MATERIAL FOR THIS EXERCISE:

+---+

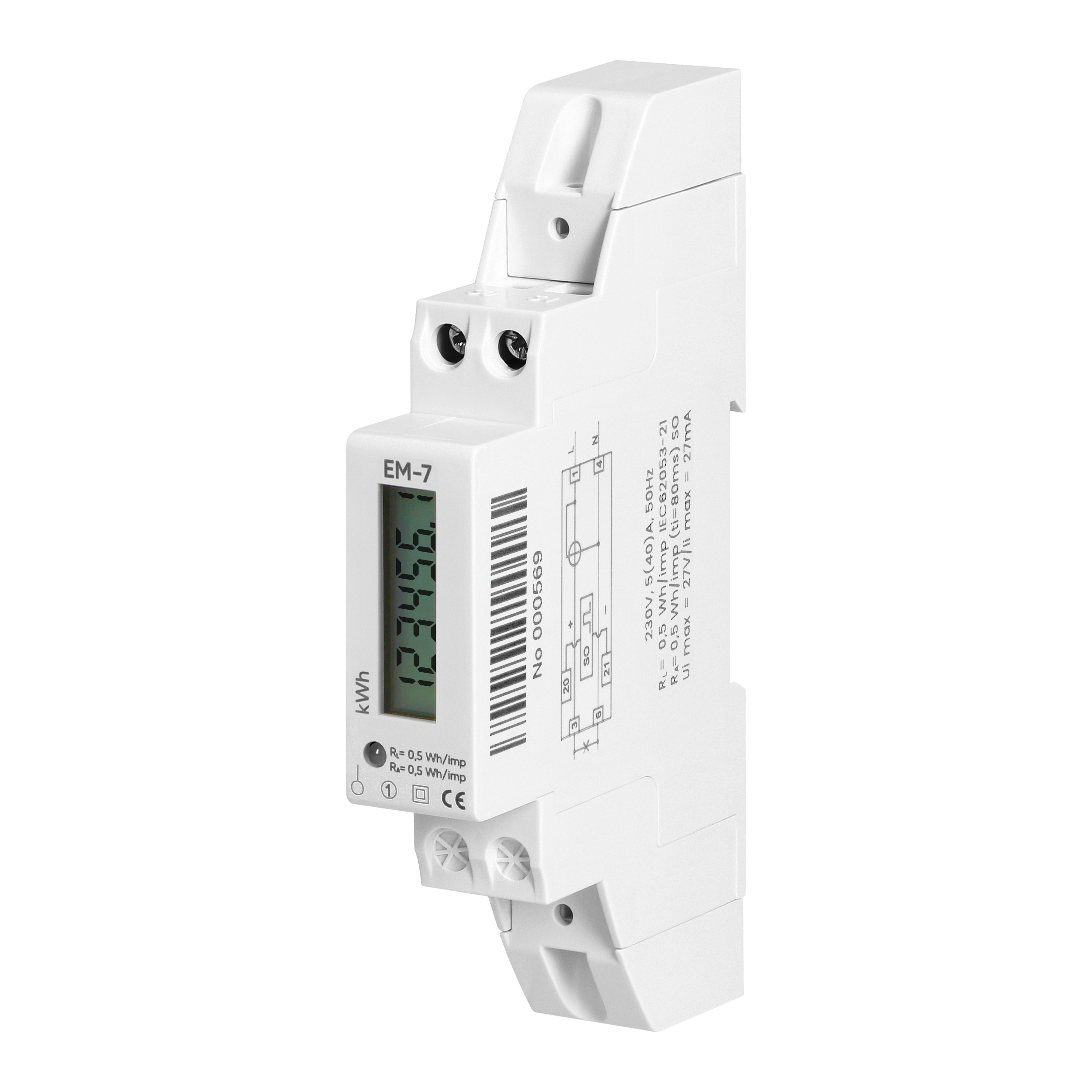 1-fazowy cyfrowy wskaźnik zużycia energii elektrycznej, 40A, 1 moduł, DIN TH-35mm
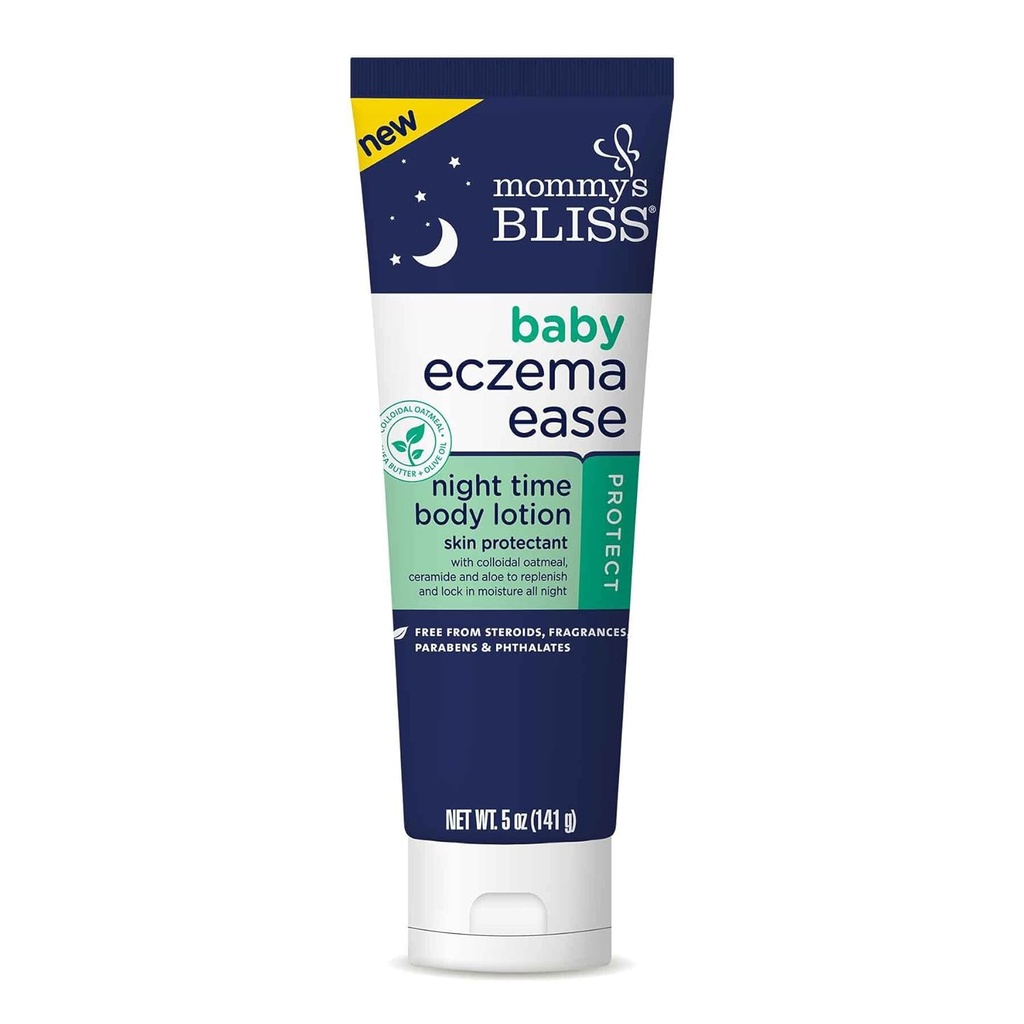 Mommy's Bliss Eczema Ease Night Moisturizer w/Colloidal Oatmeal, Shea Butter & Olivenöl, Relieves Skin Irritations & Itching aufgrund Eczema, Ceramide & Aloe, frei von Steroiden & Phthalate, 5 Unze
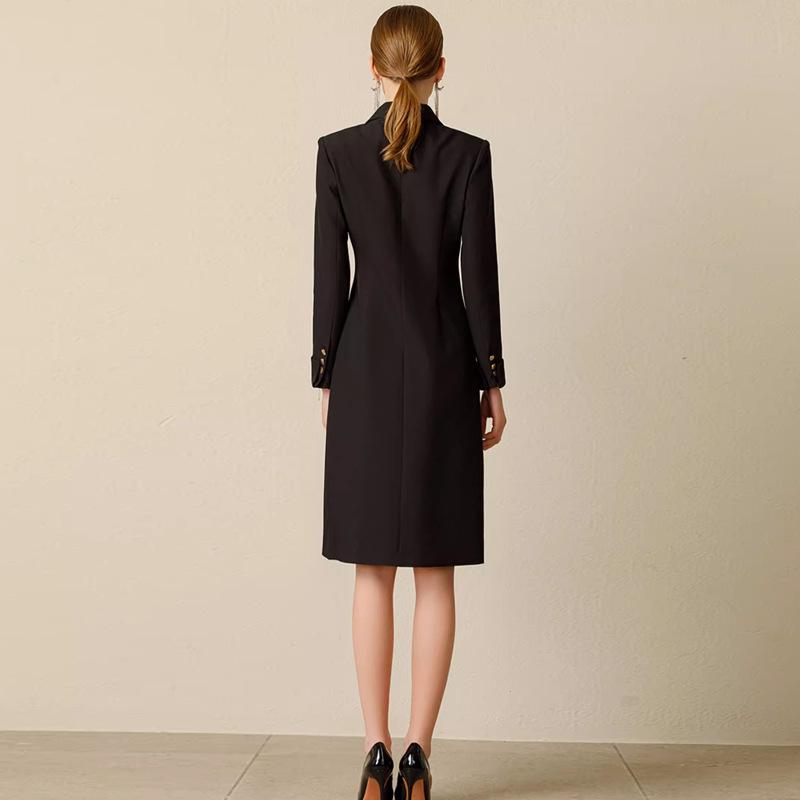 Women's Black Slim Fit Asymmetrical Formal Dress for Professional and Formal Occasions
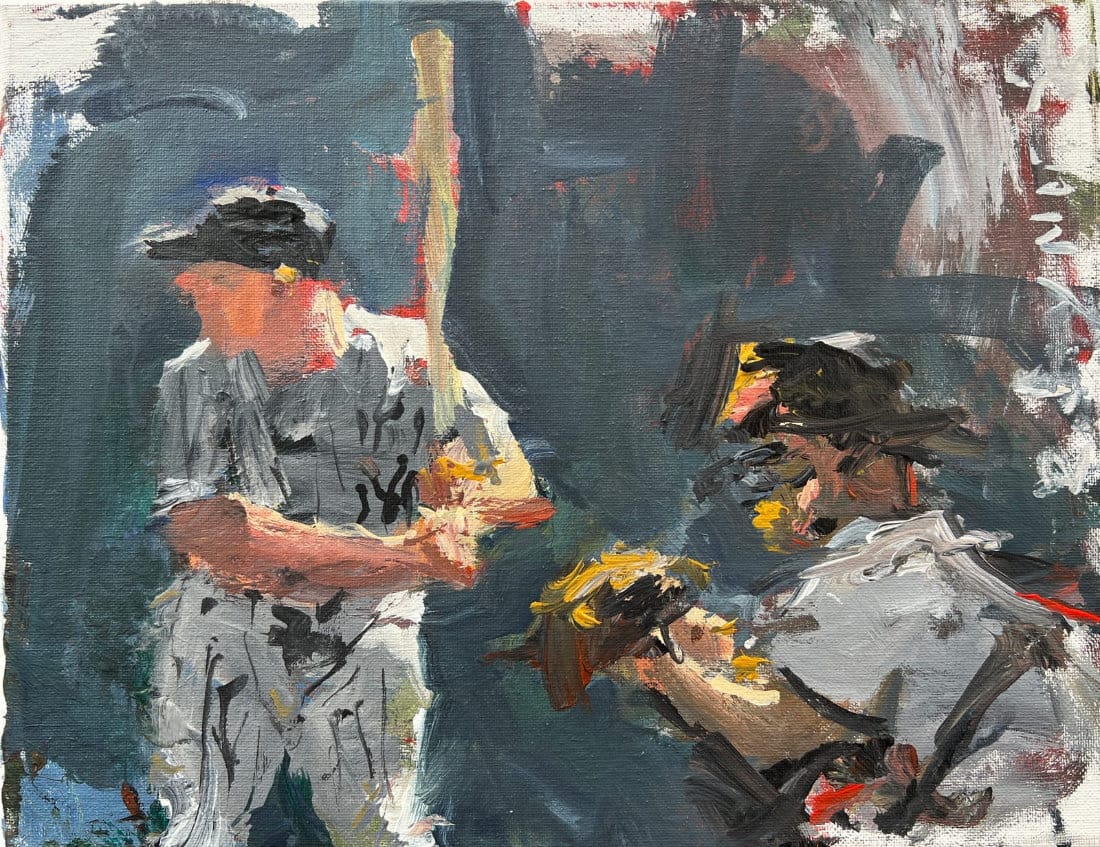 Original baseball acrylic painting - Yankees legend Mickey Mantle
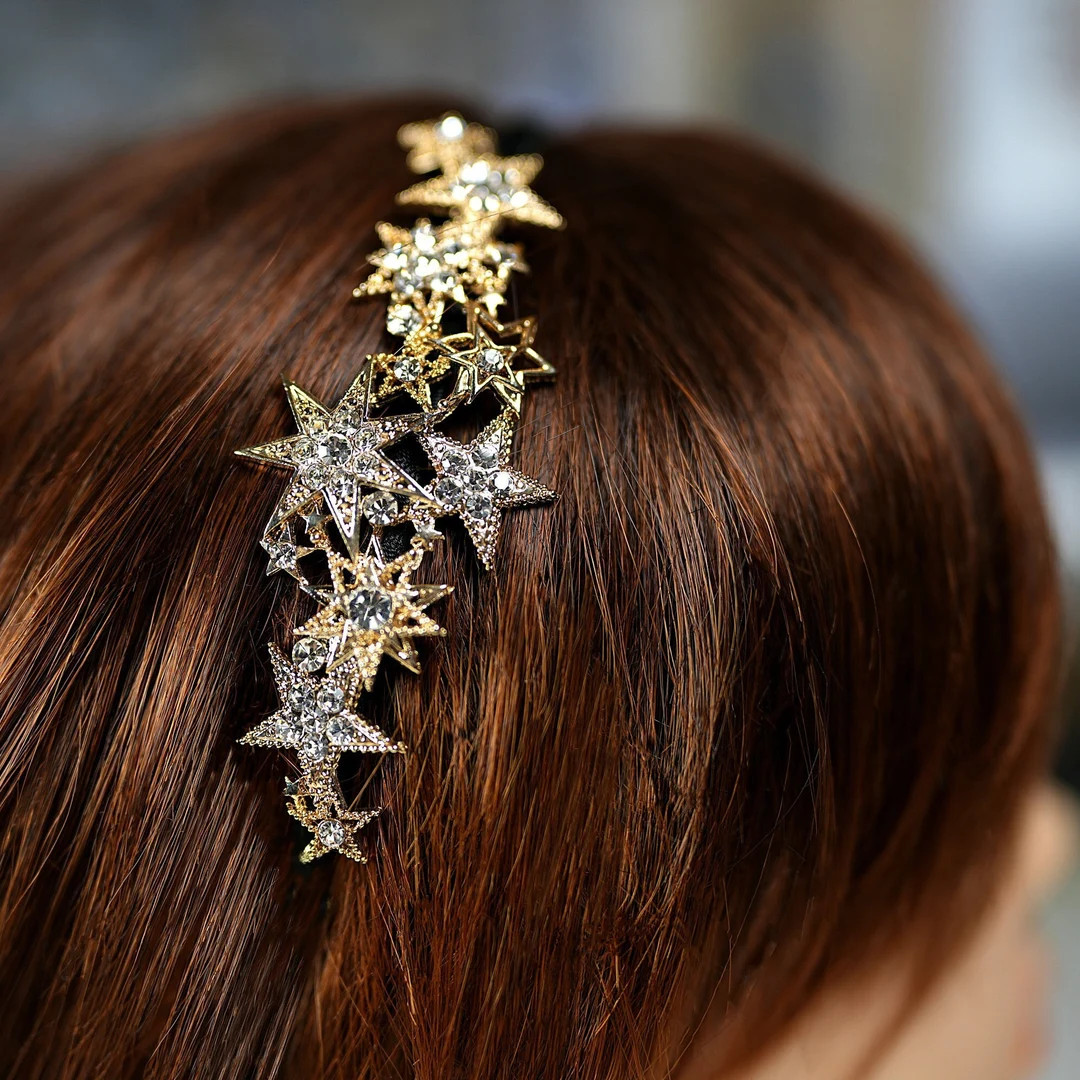 Stardust Austrian Crystal Accent Metallic Headband - Etsy | Etsy (US)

+---+

Print each entry above verbatim, pictures left out.

 1-fazowy cyfrowy wskaźnik zużycia energii elektrycznej, 40A, 1 moduł, DIN TH-35mm
 Mommy's Bliss Eczema Ease Night Moisturizer w/Colloidal Oatmeal, Shea Butter & Olivenöl, Relieves Skin Irritations & Itching aufgrund Eczema, Ceramide & Aloe, frei von Steroiden & Phthalate, 5 Unze
 Women's Black Slim Fit Asymmetrical Formal Dress for Professional and Formal Occasions
 Original baseball acrylic painting - Yankees legend Mickey Mantle
 Stardust Austrian Crystal Accent Metallic Headband - Etsy | Etsy (US)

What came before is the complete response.